Automatic alignment issue

I tried the following:

feature locl { # Localized Forms
	language CAT;
		sub L' periodcentered' L by L_periodcentered;
} locl;

and in another font

feature calt { # Contextual Alternates
	sub L periodcentered' L by periodcentered.CAT;
} calt;

but neither of these tests would trigger the Acrobat PDF Maker into getting L + periodcentered as “text”.
(With different results for ttf/cff.) Bummer.

I would like to suggest to leave out CAT altogether, so that Catalan words will also look good when embedded in Spanish text, a likely scenario.

Unfortunately none of the tested features work just like that in MS Word, even for locl to work you first need to switch kerning on or so it seems.

Or edit the normal style in a new document like this: format some text, right-click, click styles, right-click Normal and select “Update Normal to Match Selection”. Then save this file as a macro enabled template, to replace C:\Users\MyName\AppData\Roaming\Microsoft\Templates\Normal.dotm
and then all newly created documents will be fine, with kerning and preferred number style, even stylistic sets can be switched on by default.

It is normal for corporate design implementations to roll out such “dot” files, so that every new document in a company automatically follows design specifications. Template producers normally must be instructed to switch on typographic options.

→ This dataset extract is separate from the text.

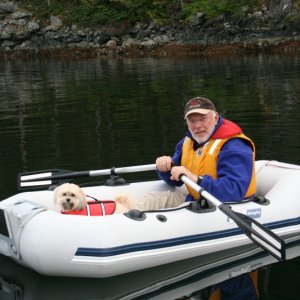 Our Tender "Guppy" with Ross and CoCo. A 2004 7'-3" x 3'-9" Ax Bombard inflatable. 1'-1" tube diameter, 33 lbs. and powered by a 2 hp. Honda 4 stroke.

Text reconstruction from PDFs depends on the implementation, and as far as I can oversee it (there was a recent discussion on Twitter), almost all of the methods are flawed one way or another.

One implementation goes like this: The Unicodes of the text entry are not changed of course, rather not saved at all in a generated PDF. What gets saved instead are the glyph names. A PDF reader can try to reconstruct the characters from the glyph names embedded. Which is a pretty faulty implementation, to say the least, because it has to do a lot of guesses, and things like line breaks, se-pa-ra-ted words, paragraphs, empty lines, or multi-column typesetting will likely confuse the reverse-engineering of the text. This is also an issue for double encodings, and described in the All-Caps tutorial. By employing certain glyph names, a font can make this hack a little less unsuccessful, but also no more than that.

There is a method to properly store the original text alongside the glyphs inside the PDF, but it is not in widespread use, because IIRC it has some other flaws. I don’t remember which though.

I stopped worrying about text reconstruction from PDFs, because it is so broken from the start, and therefore I don’t believe that we can fix it from inside a font. There have been tools that did nothing but clean up and guess paragraphs from text in PDFs.

If no one minds, I will move the last couple of posts into a new thread, because here it is off topic, and therefore hard to find for later forum generations.